One feature that now stands out is that the wedges are ordered by decreasing size, except for the last two: “Desserts” is larger than “Beverages” but comes after. It is the example Microsoft uses for training and they don’t explain the sequence. While this chart is an improvement over the previous version, but do we actually need it? A picture may be worth a 1,000 words but, if what you have to say fits in 10 words, a picture may be overkill. Compare the pie chart with the following table of the data in it:
If you compare a pie chart with a sorted table of the data in it, you see that the chart uses orders of magnitude more ink in multiple colors than the table, without telling you anything that isn’t already obvious from the table. In Edward Tufte’s book, it makes it the kind of chart junk that you should banish from your materials.

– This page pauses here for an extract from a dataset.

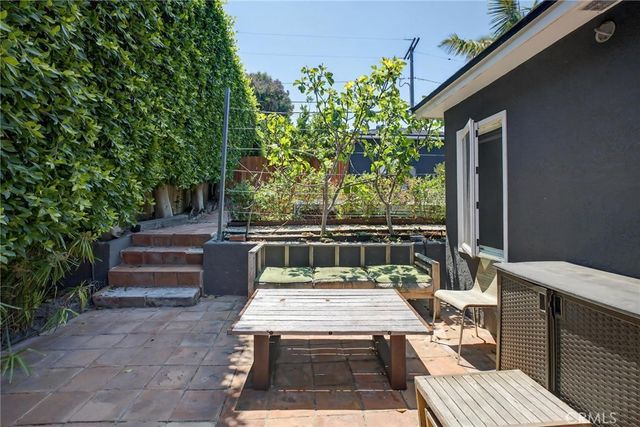 608 35th Street, Manhattan Beach, CA 90266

3D pie charts are actually worse, because they are not only useless but misleading in that the perspective distorts the apparent size of the wedges. This is an illustration of another of Tufte’s principles, that a graphic display should not have more dimensions than the data. In 3D pie charts, the height of the pie is meaningless. The only circumstance in which showing pie thicknesses would be useful if when showing several pie charts side by side, and both pie diameter and thickness would represent parameters of each pie.
Stacks astray
Another oddity of the Microsoft example is that it does not follow the convention by which vertical bars are used when the categories on the x-axis represent consecutive time buckets. When they are not ordered categories, you usually prefer horizontal bars, not only because we are used to the x-axis representing time in performance charts but also because this chart has horizontal category labels, readable without tilting your head.
Based on the preceding section, the first question we might ask is whether we need graphics at all, and the answer is yes. When we take a look at the data in table format, even though there are only 16 points, no pattern is immediately apparent:
If we forget the spurious 3rd dimension and the building-block look, and toggle the axes so that the x-axis represents time, we get the following:
From this chart, it is obvious that total sales collapsed from the 2nd to the 4th quarter; it was not obvious from either the table of number or the 3D chart Microsoft presented as a model. Even in this form, however, the stacked bar chart is ineffective at answering the immediate follow-up question of whether the decline in sales was more pronounced in some regions than others. For example, if we try to isolate the Northeast on this chart, we find bars floating at different heights. On the other hand, the answers become visible if you de-stack the bars, as in the following:
For example, you can see that sales actually grew from the 1st to the 2nd quarter in both Eastern regions, while declining throughout the year everywhere else. Yes, it takes up more space than the stacked bar, but is that really a concern when, even in a simple example like this one, it lets you see better?
Safety crosses to bear
The safety performance of a plant matters, and not only to the potential victims of accidents. Injuries must be rare events, occur with ever decreasing frequency, and have both immediate countermeasures and permanent solutions to prevent recurrence. In light of this, what kind of graphic summaries would be appropriate to represent the safety performance of a whole plant, or of a shop within it?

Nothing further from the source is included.